たとえば、信頼されていないソースからの XML ドキュメントの最大サイズが 50K バイト未満と予測される場合は、XmlReaderSettings.MaxCharactersInDocument を 100,000 に設定します。これにより、XML ドキュメントの処理を妨げずに、大量のメモリを消費するドキュメントがアップロードされるサービス拒否攻撃の脅威を緩和できます。
過剰なエンティティの展開を回避する
DTD の使用時に発生するサービス拒否攻撃の 1 つに、エンティティを過剰に展開するドキュメントによる攻撃があります。これを防ぐには、XmlReaderSettings.MaxCharactersFromEntities プロパティを設定して、エンティティの展開により生成される文字数が制限されたリーダーを作成します。その後、そのリーダーを使用して XML ツリーを作成します。
XML 階層の深さを制限する
サービス拒否攻撃は、極端に深い階層を持つドキュメントが送信された場合にも発生します。これを防ぐには、要素の深さをカウントする独自のクラスで XmlReader をラップします。これにより、要素の深さが事前に設定したレベルを超えている場合に、その悪意のあるドキュメントの処理を終了できます。
信頼されていない XmlReader や XmlWriter の実装から保護する
管理者は、外部から提供された XmlReader や XmlWriter の実装について、厳密な名前が使用されているかどうか、コンピュータの構成に登録されているかどうかを確認する必要があります。これにより、リーダーやライタを装った悪意のあるコードが読み込まれるのを防ぐことができます。
XName を参照するオブジェクトを定期的に解放する
アプリケーション プログラマは、ある種の攻撃に対する保護のために、アプリケーション ドメインで XName オブジェクトを参照しているすべてのオブジェクトを定期的に解放する必要があります。
ランダムな XML 名から保護する
信頼されていないソースのデータを受け取るアプリケーションを作成する場合、XmlReader をカスタム コードでラップして使用し、ランダムな XML 名や XML 名前空間の使用を検査するように考慮する必要があります。これにより、ランダムな XML 名や XML 名前空間が検出された場合に、アプリケーションでその悪意のあるドキュメントの処理を終了できます。
特定の名前空間の名前の数 (および名前空間に含まれない名前の数) を制限することをお勧めします。
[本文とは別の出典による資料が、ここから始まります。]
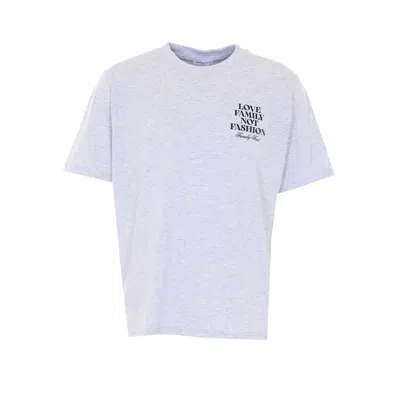 Family First Round Neck Print T-shirt In Blue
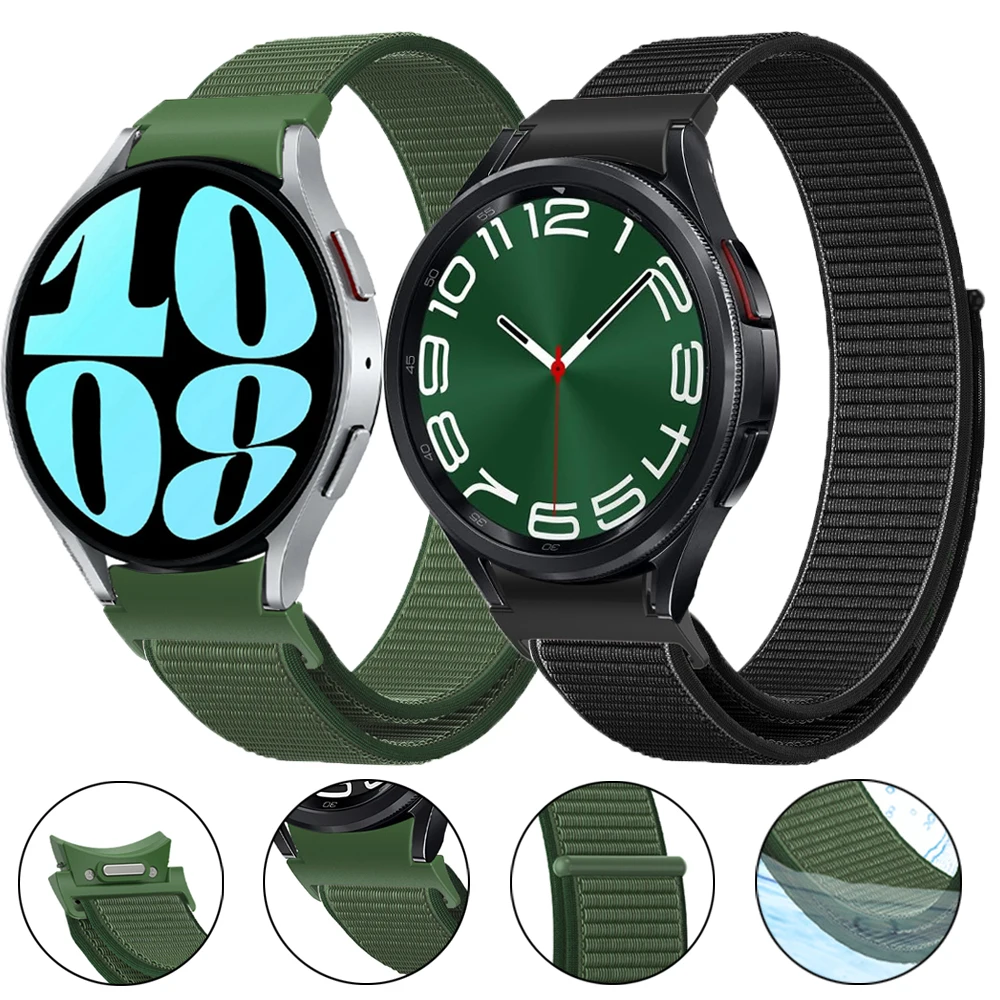 

Nylon Strap For Samsung Galaxy Watch 6 Classic 43MM 47MM Sport Breathable Bracelet For Galaxy Watch 6 5 4 40MM 44MM Strap Correa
LINQ to XML ツリーを共有するソフトウェア コンポーネントは注釈にアクセスできる
LINQ to XML を使用すると、さまざまなアプリケーション コンポーネントによって XML データの読み込み、検証、クエリ、変換、更新、および保存が行われる処理パイプラインを構築できます。XML データは、XML ツリーとしてコンポーネント間で受け渡されます。この場合、オブジェクトを読み込んで XML テキストにシリアル化する際のオーバーヘッドがパイプラインの最後にしか発生しないため、パフォーマンスを最適化することができます。ただし、開発者は、あるコンポーネントによって作成される注釈やイベント ハンドラはすべて、他のコンポーネントからもアクセスできることを認識しておく必要があります。このことは、異なる信頼レベルのコンポーネントが混在している場合に数々の脆弱性の原因になります。信頼レベルの低いコンポーネントが含まれる場合に安全なパイプラインを構築するには、信頼されていないコンポーネントにデータを渡す前に LINQ to XML オブジェクトを XML テキストにシリアル化する必要があります。
ある程度のセキュリティが共通言語ランタイム (CLR) によって提供されます。たとえば、プライベート クラスを含まないコンポーネントは、そのクラスによってキー指定された注釈にはアクセスできません。ただし、注釈を読み取れないコンポーネントでも、注釈を削除することはできます。このことが、改ざん攻撃に利用される可能性があります。